This class operates under the University of Utah policy for student conduct. There are specific topics on which the policy for this class is more nuanced.
- All students must turn in homeworks individually, in electronic form, preferably using LaTeX.
- Students may form groups for homework discussion. In fact, this can often be very helpful when trying to crack hard problems.
- Any assignment submitted late will be docked 10% for each working day past the deadline upto a maximum of 50% (this effectively gives you a week). After a week, the assignment will not be graded and will be scored as a 0. There are no exceptions.
- Please cite ALL sources used as part of a homework. This means
- If you discuss homework with others, cite them
- If you find a solution in wikipedia, cite it
- If you found an answer, or a partial answer, or a hint to an answer, on the web somewhere, cite the location
- if you found a solutions manual via bittorrent, cite it
- If you talked to a student from previous year, cite them
- If you got ANY material for ANY part of ANY answer from SOMEONE or SOMETHING OR SOMEWHERE that is not the inside of your head, CITE IT !
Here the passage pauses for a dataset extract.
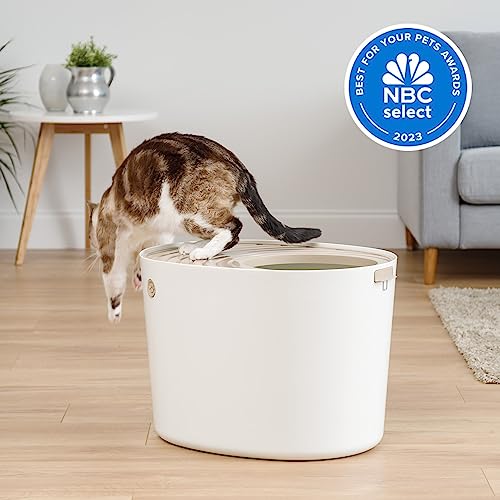 New IRIS USA Top Entry Cat Litter Box with Scoop | Beige/White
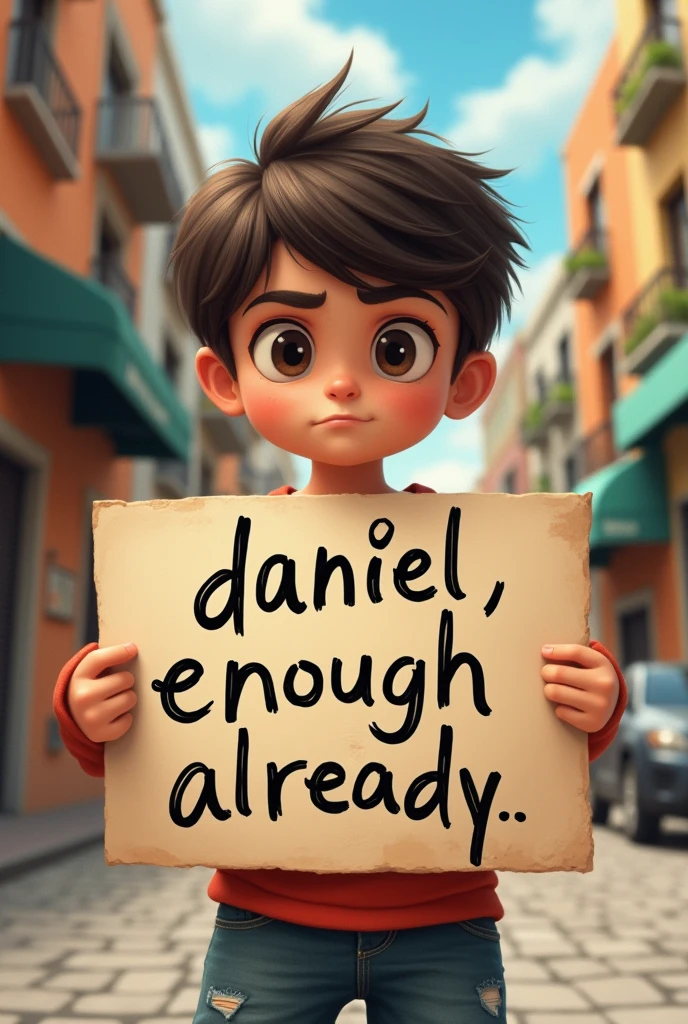 Child with a sign that says "Daniel, Enough already". The Spanish poster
- If you’re not sure whether to cite, then you should be citing.
- if you’re totally confused, ASK before doing anything.
If you cite all your sources, you may not get the maximum marks, but if you don’t cite relevant sources, you will get a ZERO on that assignment. Note that the School of Computing has a new two-strikes-and-out policy on reported instances of cheating. It’s not worth it !
This is a graduate class, and the citation principles described here reflect academic integrity rules out in the real world. I strongly recommend that you comply with them.